Higher HIV viral loads are linked to a faster depletion of CD4 cells among South Africans not taking antiretrovirals (ARVs), aidsmap reports. Publishing their findings in PLOS ONE, researchers studied 1,106 people with subtype C of HIV whose CD4s were above 200 and who were treatment naive at the outset and who had positive tuberculosis skin tests. (The participants had been recruited to a study testing a preventive TB treatment.)

With recruitment starting in 2003, the investigators followed the participants for a median 44 months, regularly monitoring their CD4s and viral loads. The participants had a median CD4 count of 490 and a median viral load of 16,050 upon starting the study.

The average CD4 drop was 38.4 cells per year, which is a less steep decline than is typically found among those with subtype B of HIV, the most common in the United States. Those whose viral loads were above 10,000 had an average annual decline of 11 percent, compared with 14 percent for those with viral loads above 100,000.

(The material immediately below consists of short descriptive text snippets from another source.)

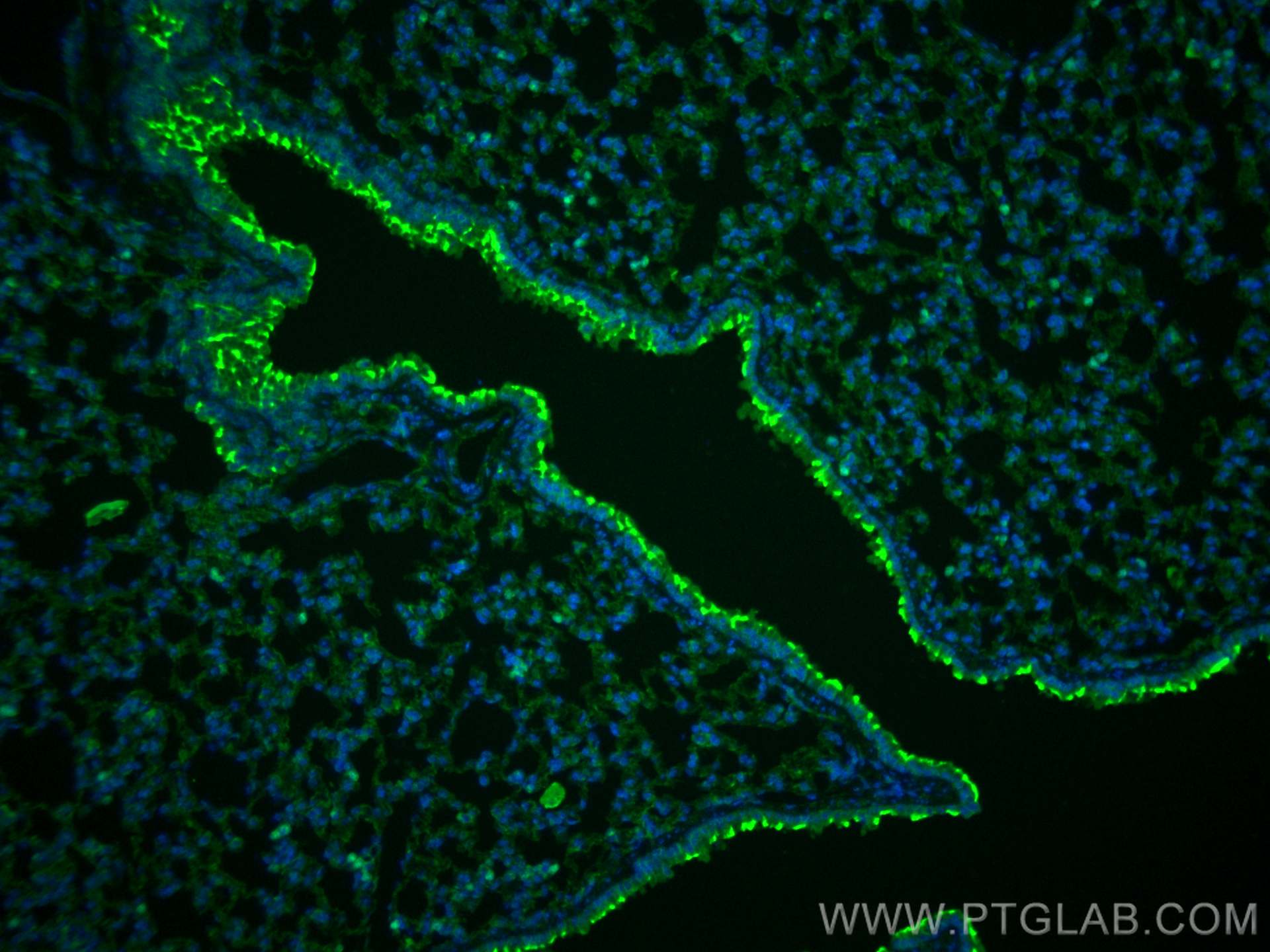 Immunofluorescence (IF) / fluorescent staining of mouse lung tissue using SLC6A14 Polyclonal antibody (18388-1-AP)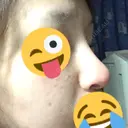 隆鼻術 / 鼻中隔延長（切開） 牧野皮膚科形成外科内科医院 美容外科・形成外科・抗加齢医学外来 DAY 191 サムネイル用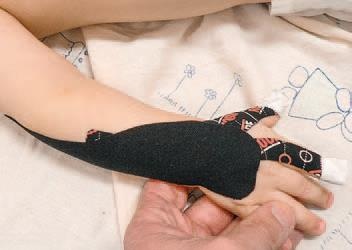 Иллюстрация к книге — Кинезиотейпинг в лечебной практике неврологии и ортопедии [i_097.jpg]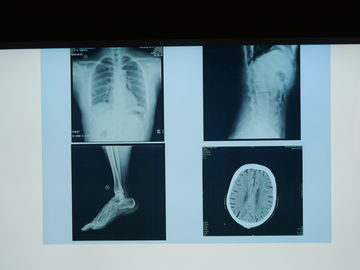 Prenda impermeable de la película de la proyección de imagen médica de Konida X Ray para la impresora de Agfa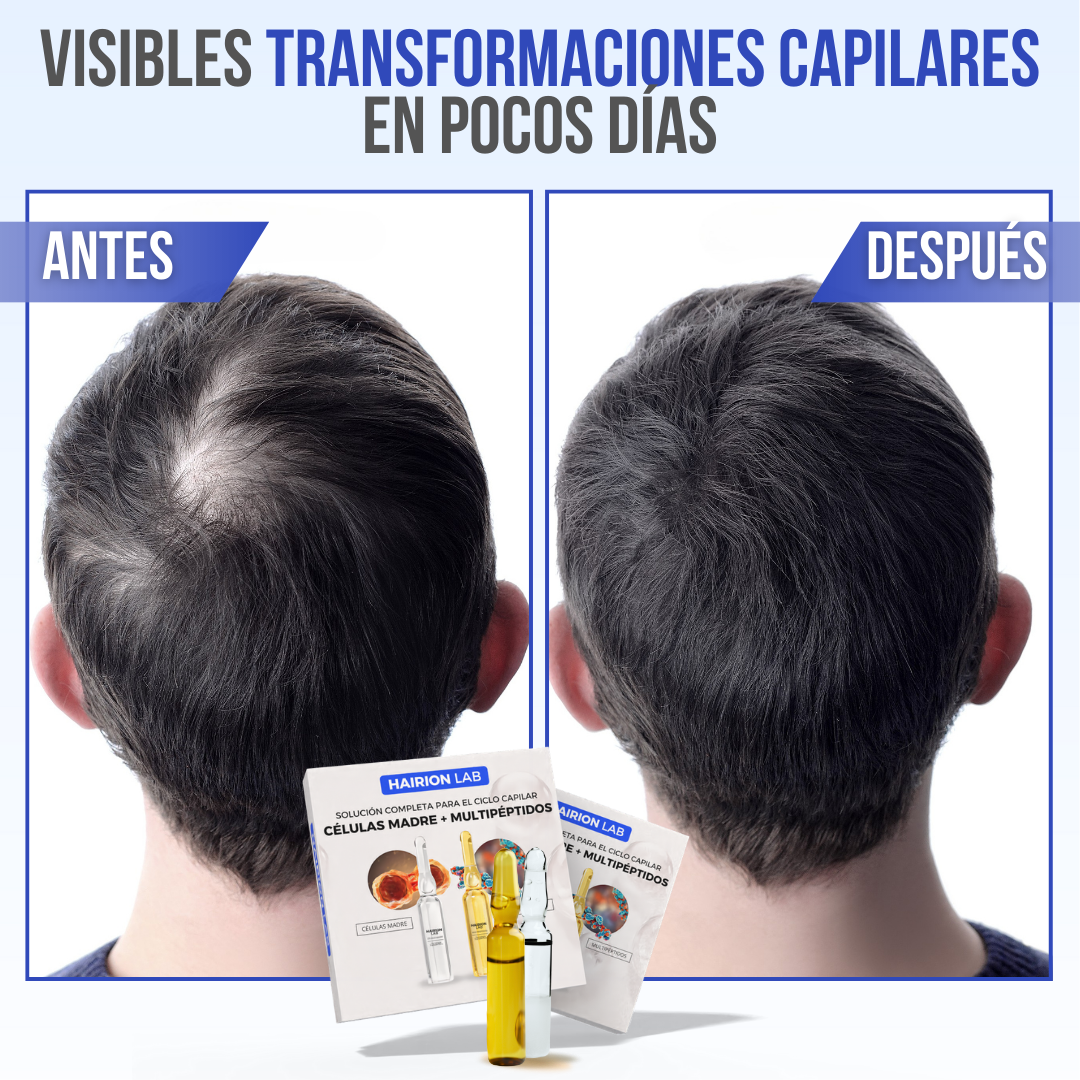 HAIRIONLAB™ - Recupera la fuerza y densidad de tu cabello, naturalmente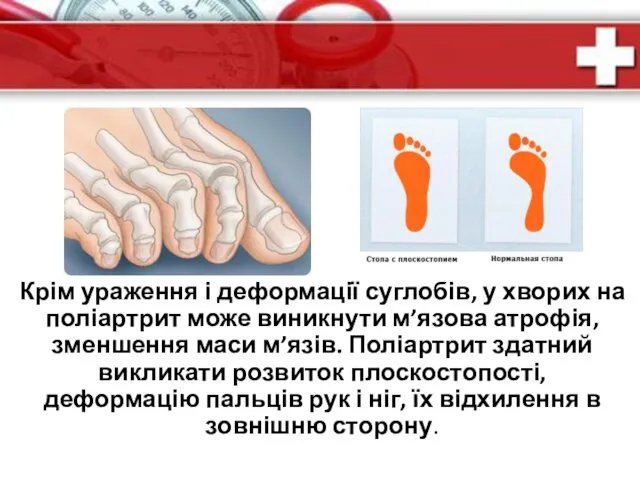 Крім ураження і деформації суглобів, у хворих на поліартрит може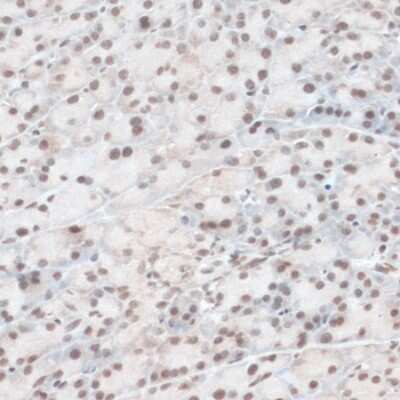 Immunohistochemistry-Paraffin: ZNF574 Antibody - Azide and BSA Free [NBP3-04776]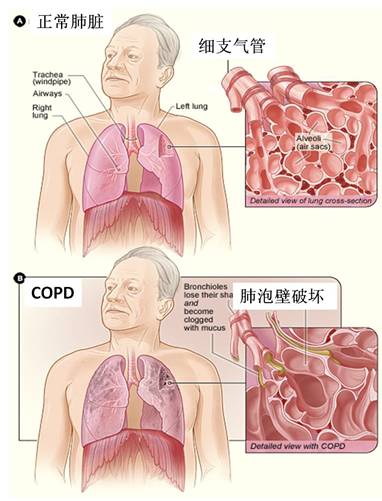 COPD-01.jpg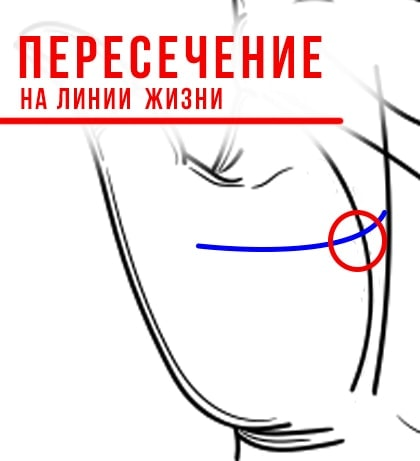 Линия стресса пересекает линию жизни - значительный стресс. https://hiro.su/nikolay/linii/liniya-stressa/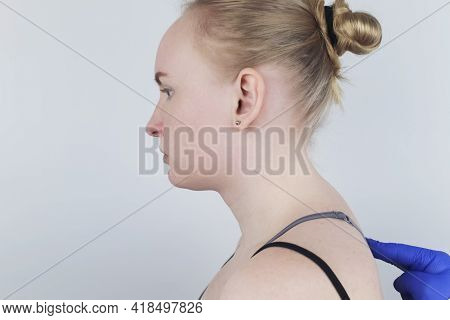Kyphosis. The Woman Suffers From A Curvature Of The Spine In The Upper Section. The Cervical Vertebr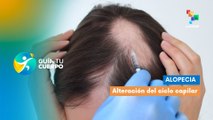 Alopecia: Alteración del ciclo capilar
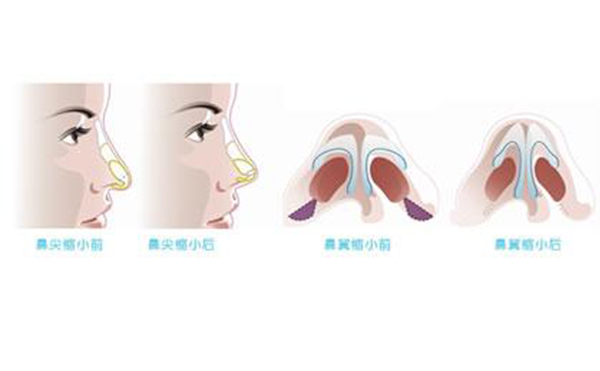 鼻翼縮小整形安全嗎？術(shù)后會不會影響呼吸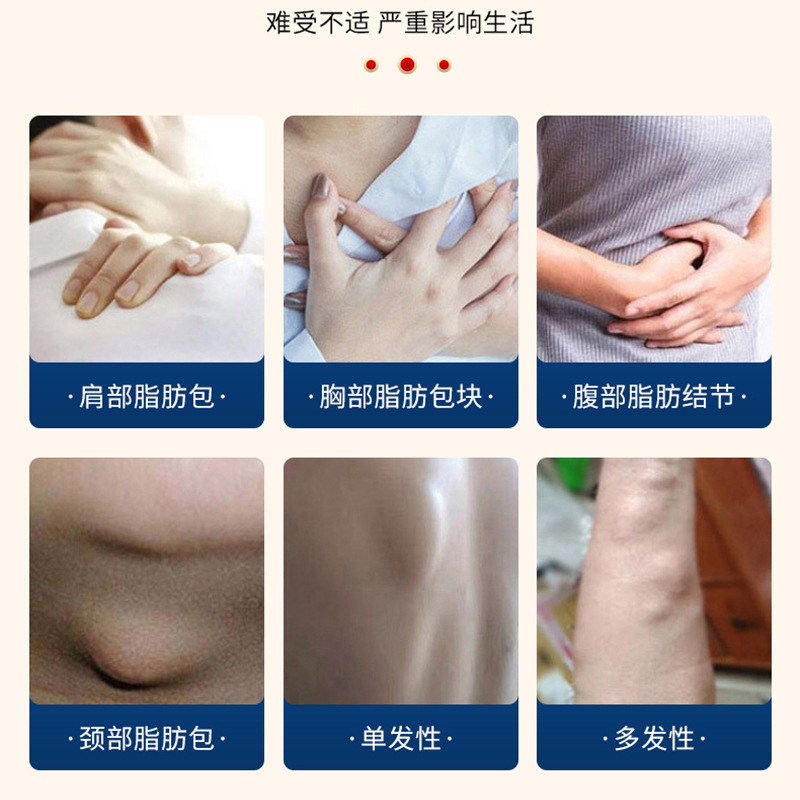 川井弘岩脂肪康消散膏 胸部脂肪包块腹部脂肪结节不适外用护理膏|undefined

Twenty-two percent of the participants had a baseline viral load above 100,000, which put them at high risk of transmitting the virus; yet they were still ineligible to receive ARVs under current South African guidelines. The study suggested that a significant proportion of people in South Africa may thus spend a good deal of time living with highly infectious virus before receiving the benefits of treatment as prevention (TasP), considering that ARVs greatly reduce their likelihood of passing on the virus.